-- Exercise data follows --

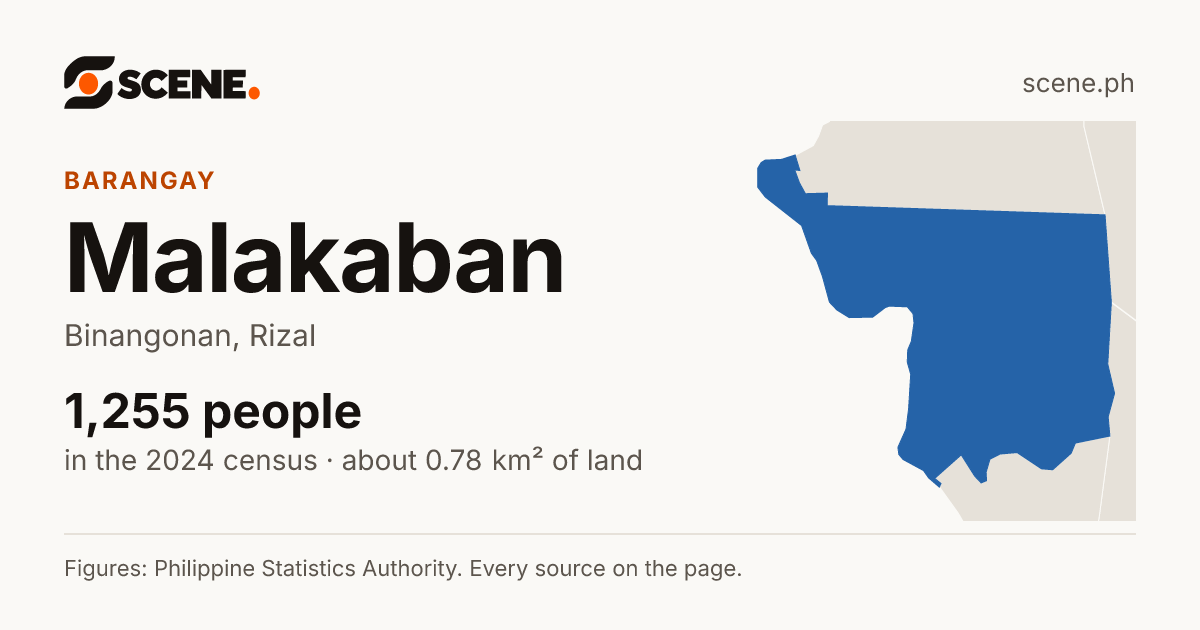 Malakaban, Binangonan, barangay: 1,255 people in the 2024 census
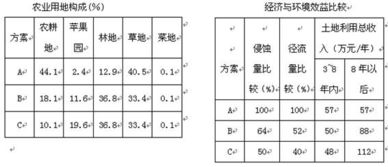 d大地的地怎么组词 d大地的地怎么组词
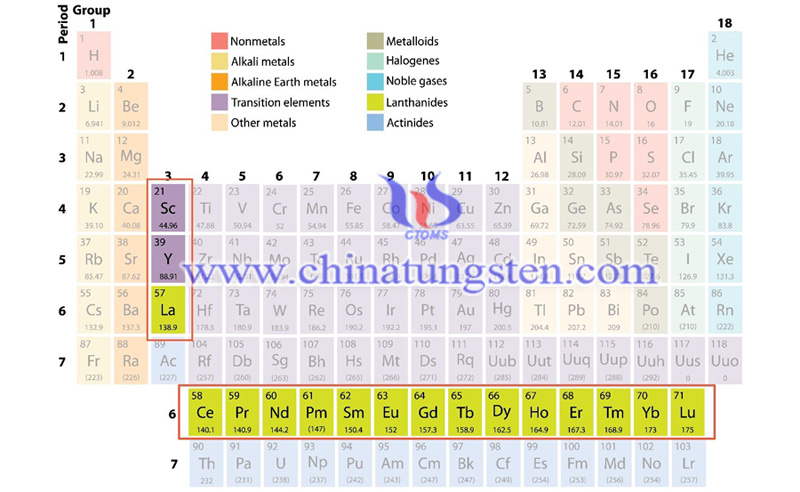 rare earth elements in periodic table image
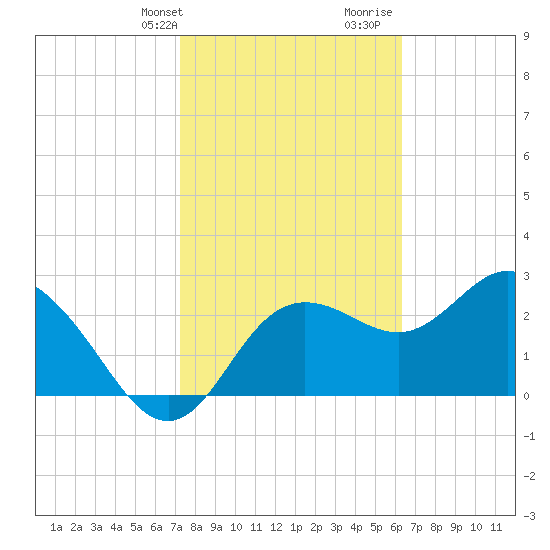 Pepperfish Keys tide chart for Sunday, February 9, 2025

-- Exercise data concluded --

### Exercise aim:
Write out the data above exactly as it appears, but without any image.

### Reply to the task:
 Malakaban, Binangonan, barangay: 1,255 people in the 2024 census
 d大地的地怎么组词 d大地的地怎么组词
 rare earth elements in periodic table image
 Pepperfish Keys tide chart for Sunday, February 9, 2025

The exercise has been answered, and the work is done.